Crazy how just few years ago I never read fiction/literature. While in 2020-2021 I had to force myself to even read 1 each year, in 2022 I’ve managed to read 8, followed by 10 in 2023. And this year? It’s 20 books out of 53. I think I finally understand the appeal of reading fiction/literature that we cannot get from non-fiction.
Among other fiction/literature, this year I read Franz Kafka (3 books), Fyodor Dostoevsky (2 books), Albert Camus (3 books), John Steinbeck, and a C. S. Lewis book about grief. If you catch that, yup that’s a lot of existentialist books. I also finally read Animal Farm by George Orwell (long overdue), which turned out to be mind-blowingly brilliant.
In the re-reading portion of the year, I gave Herman Hesse’s Siddhartha a second go, where 7 years ago I started to read it with the wrong expectation that it was a biography of Siddhartha Gautama but was baffled on how different the story was from the tale that I familiar with (and it was indeed not a story about the Buddha). This year, I thought if I re-read it from the start with a different expectation I would learn to love the book (and nope, I still didn’t like it).
Moreover, this year the second most read theme for me is Japanese literature, where I read 7 books in total, including 2 heart-warming series Days at the Morisaki Bookshop (which inspired me to visit the Jimbocho Booktown in Tokyo, home to 170+ bookshops), and including who else but Haruki Murakami (2 books + 1 Japanese literature greatest hits book that featured a chapter from him).

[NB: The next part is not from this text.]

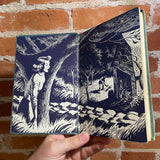 The Clue of the Leaning Chimney - Nancy Drew - Carolyn Keene - 1949 Grosset & Dunlap Hardback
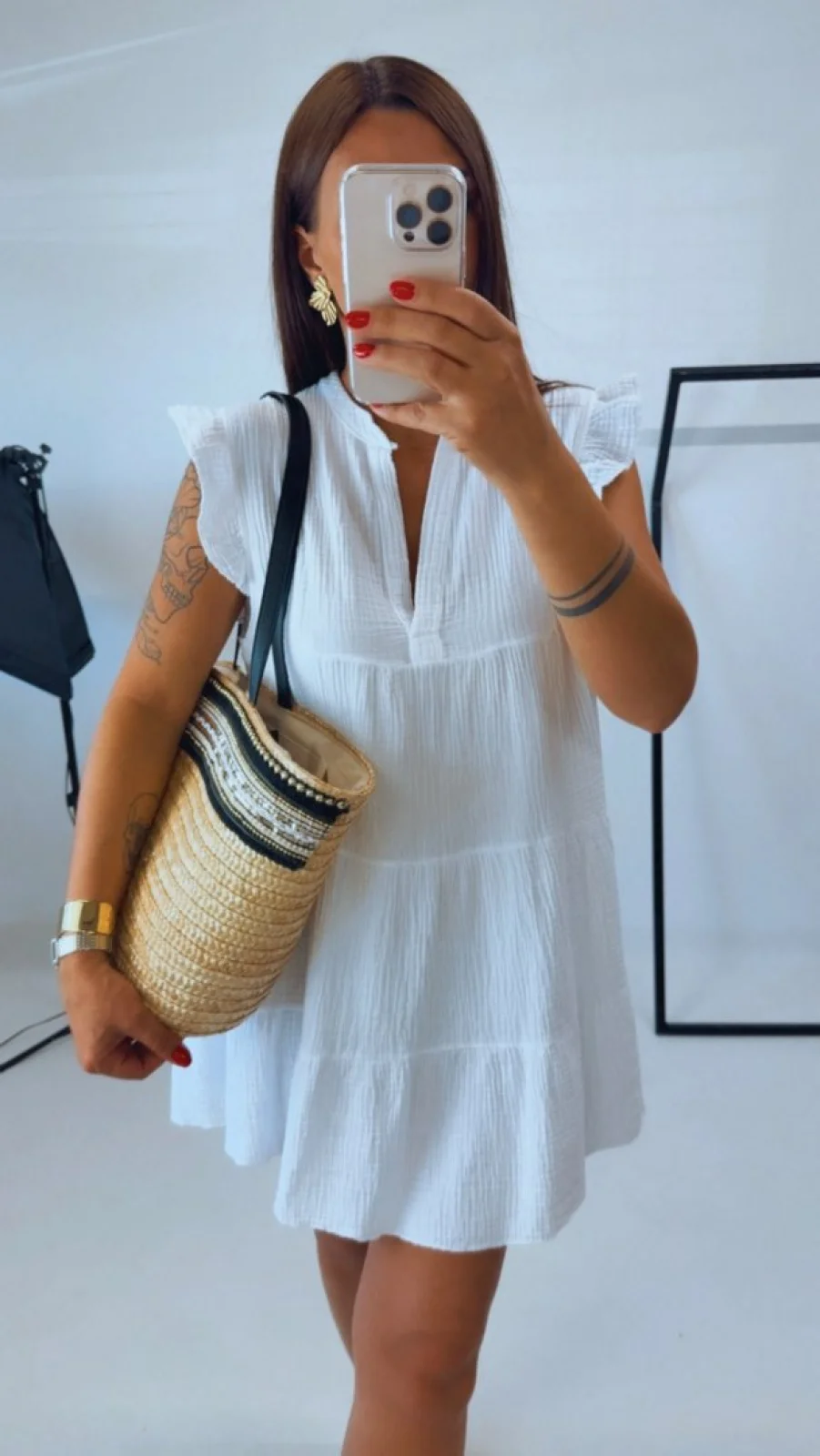 MUŠELÍNOVÉ ŠATY WHITE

Naturally, I haven’t forgot about my beloved non-fiction. This year I read 2 books about watches (my main obsession in 2024), few quirky books (such as Nuking the Moon, Impossible Things, and the funniest Why We Took the Car), 2 books about football, a book on Anthony Bourdain’s travels, the travels of Ibn Battuta, a much-needed book about how teenage brain works, a self-help book about influence, about how to win every argument, and about everything is figureoutable.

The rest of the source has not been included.